Segment Start: EXTRACTED ENTRIES

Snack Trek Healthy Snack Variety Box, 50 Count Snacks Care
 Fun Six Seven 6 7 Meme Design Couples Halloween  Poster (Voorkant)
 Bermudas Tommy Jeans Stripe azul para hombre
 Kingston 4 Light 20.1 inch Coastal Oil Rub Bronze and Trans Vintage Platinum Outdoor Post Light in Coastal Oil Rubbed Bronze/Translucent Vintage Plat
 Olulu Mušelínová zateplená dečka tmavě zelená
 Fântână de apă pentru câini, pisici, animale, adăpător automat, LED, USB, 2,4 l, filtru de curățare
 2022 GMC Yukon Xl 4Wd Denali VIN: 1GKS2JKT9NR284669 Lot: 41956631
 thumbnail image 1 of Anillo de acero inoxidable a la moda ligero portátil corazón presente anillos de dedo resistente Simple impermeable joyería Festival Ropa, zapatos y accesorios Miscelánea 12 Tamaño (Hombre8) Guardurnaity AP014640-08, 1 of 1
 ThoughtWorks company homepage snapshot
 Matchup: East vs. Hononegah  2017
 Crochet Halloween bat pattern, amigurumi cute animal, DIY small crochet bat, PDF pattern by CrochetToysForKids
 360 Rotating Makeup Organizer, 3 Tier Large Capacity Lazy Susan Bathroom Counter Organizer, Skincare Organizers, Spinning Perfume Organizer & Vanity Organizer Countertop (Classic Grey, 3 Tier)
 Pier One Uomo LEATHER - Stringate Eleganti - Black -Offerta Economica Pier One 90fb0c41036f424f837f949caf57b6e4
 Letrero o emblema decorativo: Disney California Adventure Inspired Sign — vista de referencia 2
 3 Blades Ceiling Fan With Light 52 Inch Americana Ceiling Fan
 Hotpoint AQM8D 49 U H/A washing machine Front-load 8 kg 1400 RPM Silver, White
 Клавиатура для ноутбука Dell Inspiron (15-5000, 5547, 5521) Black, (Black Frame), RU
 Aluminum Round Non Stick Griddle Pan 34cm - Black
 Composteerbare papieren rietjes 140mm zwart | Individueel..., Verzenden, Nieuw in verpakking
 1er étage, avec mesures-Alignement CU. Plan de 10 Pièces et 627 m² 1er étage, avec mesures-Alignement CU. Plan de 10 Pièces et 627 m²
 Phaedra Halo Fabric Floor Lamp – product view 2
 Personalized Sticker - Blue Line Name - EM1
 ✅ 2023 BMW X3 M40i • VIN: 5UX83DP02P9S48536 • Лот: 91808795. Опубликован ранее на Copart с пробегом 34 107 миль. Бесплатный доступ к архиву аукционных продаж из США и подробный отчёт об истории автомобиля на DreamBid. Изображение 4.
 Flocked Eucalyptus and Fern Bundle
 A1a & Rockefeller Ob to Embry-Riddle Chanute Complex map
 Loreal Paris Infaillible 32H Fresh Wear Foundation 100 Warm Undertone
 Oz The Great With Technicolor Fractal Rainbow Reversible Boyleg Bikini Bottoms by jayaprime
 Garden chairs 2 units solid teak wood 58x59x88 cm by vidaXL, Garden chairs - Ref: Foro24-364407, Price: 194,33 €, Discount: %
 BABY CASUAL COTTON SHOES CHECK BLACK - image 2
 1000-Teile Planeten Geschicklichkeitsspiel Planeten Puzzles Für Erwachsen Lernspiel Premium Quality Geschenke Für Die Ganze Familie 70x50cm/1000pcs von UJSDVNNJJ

Segment End: EXTRACTED ENTRIES

* WHAT IS NEEDED
Retype the records above exactly, so that no line differs from its source.

* RESULT
Snack Trek Healthy Snack Variety Box, 50 Count Snacks Care
 Fun Six Seven 6 7 Meme Design Couples Halloween  Poster (Voorkant)
 Bermudas Tommy Jeans Stripe azul para hombre
 Kingston 4 Light 20.1 inch Coastal Oil Rub Bronze and Trans Vintage Platinum Outdoor Post Light in Coastal Oil Rubbed Bronze/Translucent Vintage Plat
 Olulu Mušelínová zateplená dečka tmavě zelená
 Fântână de apă pentru câini, pisici, animale, adăpător automat, LED, USB, 2,4 l, filtru de curățare
 2022 GMC Yukon Xl 4Wd Denali VIN: 1GKS2JKT9NR284669 Lot: 41956631
 thumbnail image 1 of Anillo de acero inoxidable a la moda ligero portátil corazón presente anillos de dedo resistente Simple impermeable joyería Festival Ropa, zapatos y accesorios Miscelánea 12 Tamaño (Hombre8) Guardurnaity AP014640-08, 1 of 1
 ThoughtWorks company homepage snapshot
 Matchup: East vs. Hononegah  2017
 Crochet Halloween bat pattern, amigurumi cute animal, DIY small crochet bat, PDF pattern by CrochetToysForKids
 360 Rotating Makeup Organizer, 3 Tier Large Capacity Lazy Susan Bathroom Counter Organizer, Skincare Organizers, Spinning Perfume Organizer & Vanity Organizer Countertop (Classic Grey, 3 Tier)
 Pier One Uomo LEATHER - Stringate Eleganti - Black -Offerta Economica Pier One 90fb0c41036f424f837f949caf57b6e4
 Letrero o emblema decorativo: Disney California Adventure Inspired Sign — vista de referencia 2
 3 Blades Ceiling Fan With Light 52 Inch Americana Ceiling Fan
 Hotpoint AQM8D 49 U H/A washing machine Front-load 8 kg 1400 RPM Silver, White
 Клавиатура для ноутбука Dell Inspiron (15-5000, 5547, 5521) Black, (Black Frame), RU
 Aluminum Round Non Stick Griddle Pan 34cm - Black
 Composteerbare papieren rietjes 140mm zwart | Individueel..., Verzenden, Nieuw in verpakking
 1er étage, avec mesures-Alignement CU. Plan de 10 Pièces et 627 m² 1er étage, avec mesures-Alignement CU. Plan de 10 Pièces et 627 m²
 Phaedra Halo Fabric Floor Lamp – product view 2
 Personalized Sticker - Blue Line Name - EM1
 ✅ 2023 BMW X3 M40i • VIN: 5UX83DP02P9S48536 • Лот: 91808795. Опубликован ранее на Copart с пробегом 34 107 миль. Бесплатный доступ к архиву аукционных продаж из США и подробный отчёт об истории автомобиля на DreamBid. Изображение 4.
 Flocked Eucalyptus and Fern Bundle
 A1a & Rockefeller Ob to Embry-Riddle Chanute Complex map
 Loreal Paris Infaillible 32H Fresh Wear Foundation 100 Warm Undertone
 Oz The Great With Technicolor Fractal Rainbow Reversible Boyleg Bikini Bottoms by jayaprime
 Garden chairs 2 units solid teak wood 58x59x88 cm by vidaXL, Garden chairs - Ref: Foro24-364407, Price: 194,33 €, Discount: %
 BABY CASUAL COTTON SHOES CHECK BLACK - image 2
 1000-Teile Planeten Geschicklichkeitsspiel Planeten Puzzles Für Erwachsen Lernspiel Premium Quality Geschenke Für Die Ganze Familie 70x50cm/1000pcs von UJSDVNNJJ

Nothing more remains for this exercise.